Le personnel de l’Ombudsman a alerté le Ministère de plusieurs placements en isolement longs de plus de trois mois en 2013 et 2014, pour lesquels la documentation requise semblait ne pas exister. Il a découvert que, dans l'un des établissements, la documentation manquante avait été fabriquée – ce qui avait déclenché une vérification concluant que « pour la plupart des examens qui auraient dû être effectués, il était impossible de trouver de la documentation ». Les problèmes de documentation subsistaient l’an dernier.

Le Ministère ne consigne pas habituellement le nombre de détenus en isolement. Toutefois, il a récemment compilé des données révélant que, l'an dernier, le Centre de détention d’Ottawa-Carleton et le Centre correctionnel du Centre-Est avaient fait 1 677 placements en isolement en une période de cinq mois seulement. À la lumière de ceci, « il est difficile de comprendre la position inscrite dans la politique du Ministère selon laquelle l’isolement serait un dernier recours, assujetti à un strict contrôle et à une stricte surveillance », dit M. Dubé. C’est plutôt « un outil régulièrement utilisé par les gestionnaires pour séparer, et en fait punir, les détenus les plus “difficiles” et vulnérables ».

Les récentes modifications apportées à la politique en matière d'isolement du Ministère pour venir en aider aux détenus qui ont des troubles de santé mentale ne suffisent pas, souligne l’Ombudsman. Il recommande « une approche plus vaste et transformatrice » pour équilibrer le souci des questions de sécurité et le respect des droits individuels de la personne.

M. Dubé et des membres du personnel de l’Ombudsman ont rencontré la sous-ministre associée et d’autres responsables le 27 avril pour discuter de ce mémoire dans le cadre des consultations en cours du Ministère.

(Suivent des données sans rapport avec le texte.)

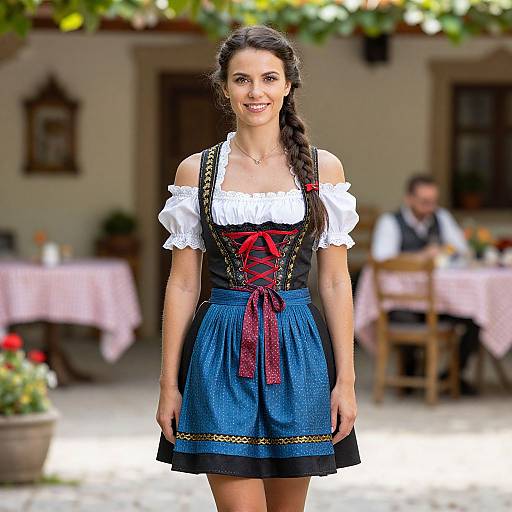 Photograph of a smiling woman in traditional Bavarian dirndl: blue skirt, black bodice, white blouse, red ribbon, braided hair,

En outre, le Ministère a récemment invité le public à participer à la consultation grâce à un formulaire en ligne, avec le 15 mai comme date limite.

Les Nations Unies ont déclaré que placer des détenus en isolement pendant plus de 15 jours constitue une forme de traitement cruel, inhumain ou dégradant. Des recommandations similaires ont été faites par le responsable de l’enquête sur le décès d’Ashley Smith, détenue sous responsabilité fédérale, l’enquêteur correctionnel fédéral Howard Sapers et la Commissaire des droits de la personne de l’Ontario, Renu Mandhane.